In David McLain’s office, on the wall opposite the paddle, is what I presume to be a piece of abstract art. Framed in weathered wood is a simple but lovely drawing—a cluster of red circles drawn on textured white paper, some empty, some colored solid. As with the paddle, I presume wrong. This object reveals something about McLain’s life, too.

At the beginning of each year, McLain draws 84 circles on a piece of paper. Every day that he doesn’t sleep in his own bed—a bed he made from salvaged barn wood as
a birthday gift for Anne—he colors in a circle.

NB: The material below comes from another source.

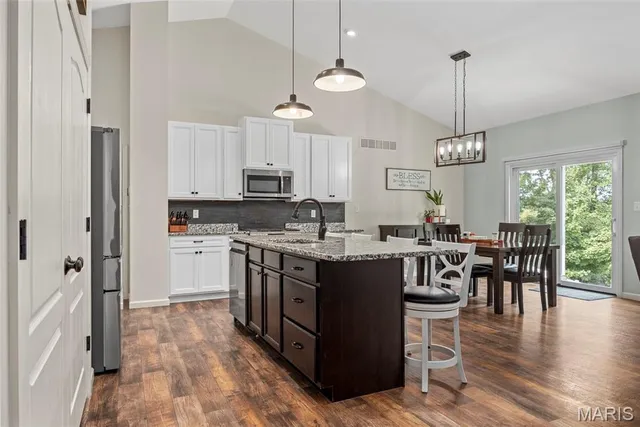 $484,900 | 1030 Timber Bluff Drive, Wentzville, MO 63385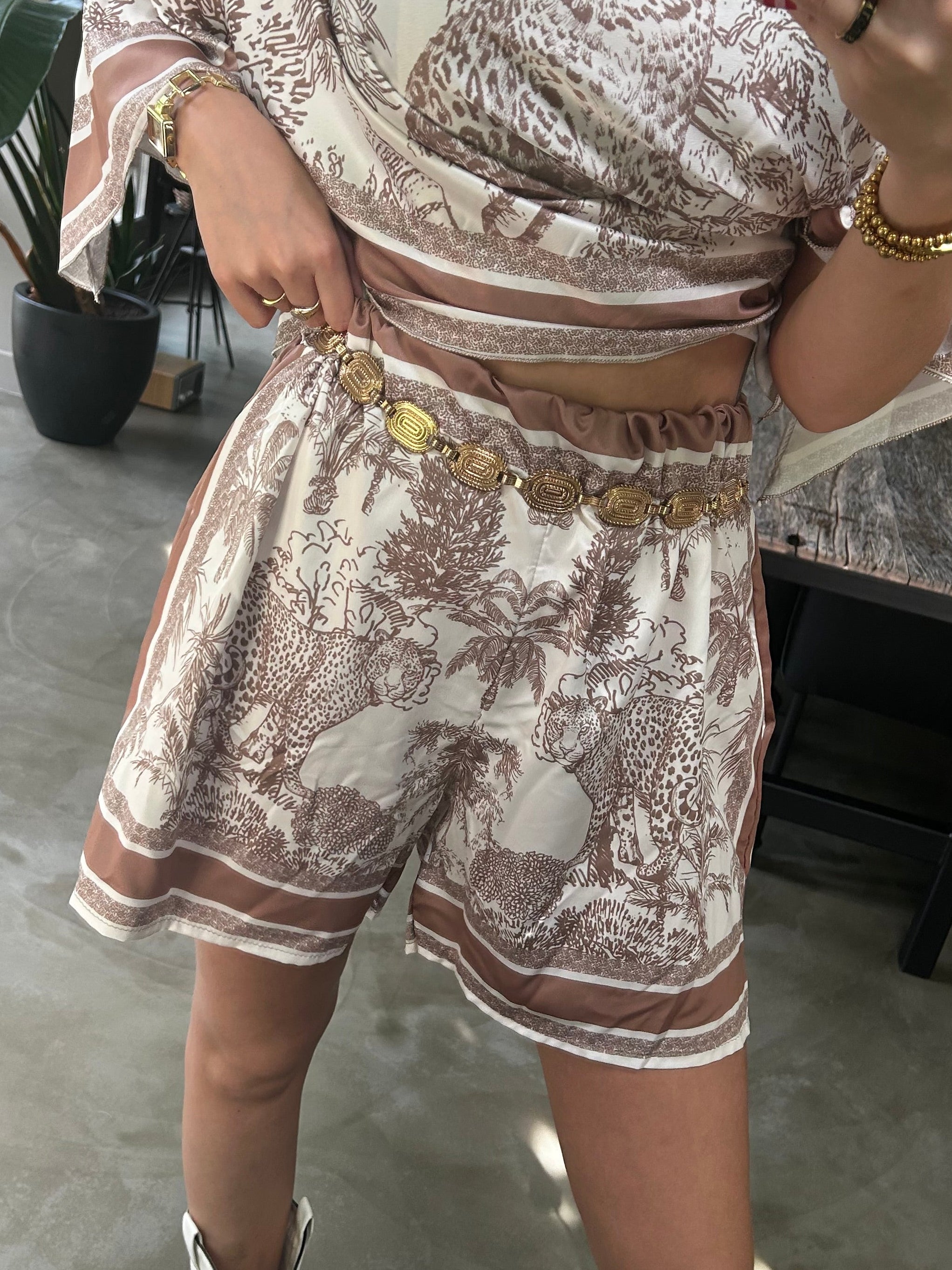 Short - Vivian Linn Beige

Eighty-four: the maximum number of days he’s willing to be away from his family and away from Maine, equal to the number of days in a week, multiplied by the number of months in a year. Sometimes this means turning down work, or limiting the number of adventures he’ll go on in other parts of the world so that he’ll be around to experience the ones unique to home.

“Every time my plane touches down in Portland, I’m like, thank God I’m home. And it doesn’t matter if it’s the dead of winter or August, I love it just as much,” he says. His voice is edged in excitement as he goes on to name the places in his home state he has yet to go. I recognize this voice. It is not so different from the one he used when telling me about Greenland. “I’ve never been to Aroostook County. I’ve never been to Fort Kent. I’ve never paddled the Allagash, never paddled the St. John,” he trails off.